Walt Hansgen
- Born: 28 October 1919 Westfield, New Jersey, U.S.
- Died: 7 April 1966 (aged 46) Orléans, France

Formula One World Championship career
- Nationality: American
- Active years: 1961, 1964
- Teams: Lotus, Cooper
- Entries: 2
- Championships: 0
- Wins: 0
- Podiums: 0
- Career points: 2
- Pole positions: 0
- Fastest laps: 0
- First entry: 1961 United States Grand Prix
- Last entry: 1964 United States Grand Prix
- NASCAR driver

NASCAR Cup Series career
- 3 races run over 2 years
- First race: 1964 Race 38 (Bridgehampton)
- Last race: 1965 The Glen 151.8 (Watkins Glen)
| Wins | Top tens | Poles |
| 0 | 3 | 0 |

= Walt Hansgen =

American racing driver (1919–1966)

Walter Edwin Hansgen (28 October 1919 – 7 April 1966) was an American racecar driver. His motorsport career began as a road racing driver, he made his Grand Prix debut at 41, and he died aged 46, several days after crashing during testing for the 1966 24 Hours of Le Mans.

==Racing career==

A four-time SCCA Road Racing Champ, Hansgen participated in two Formula One Grands Prix, debuting on 8 October 1961, at Watkins Glen, New York. He scored a total of two championship points. In 1964 he raced the MG Liquid Suspension Special, an Offenhauser-powered car, for Kjell Qvale, at the Indianapolis 500. He finished 13th in that race. He raced there again in 1965, in the MG-Huffaker-Offenhauser, when he finished 14th.

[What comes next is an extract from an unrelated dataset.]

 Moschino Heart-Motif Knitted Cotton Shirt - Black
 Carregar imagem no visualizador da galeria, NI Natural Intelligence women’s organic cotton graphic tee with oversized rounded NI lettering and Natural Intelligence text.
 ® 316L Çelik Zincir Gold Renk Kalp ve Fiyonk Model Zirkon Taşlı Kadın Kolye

In addition to Formula One, Hansgen was a dominant road racer from the early 1950s and 1960s, winning numerous races at VIR, the famed course at Bridgehampton, and Watkins Glen through to his death at Le Mans in France in 1966.

Hangsen drove for Briggs Cunningham and John Mecom. Hansgen won the Formula Junior race at the inaugural United States Grand Prix meeting at Sebring, Florida, on 12 December 1959, driving a Stanguellini. Hansgen won the Monterey Grand Prix, at Laguna Seca Raceway, on 17 October 1965, driving John Mecom's Lola T70-Ford. He participated in several races of the 24 Hours of Daytona and Le Mans as well as the 12 Hours of Sebring endurance races. He also was notable for introducing Mark Donohue to professional road racing.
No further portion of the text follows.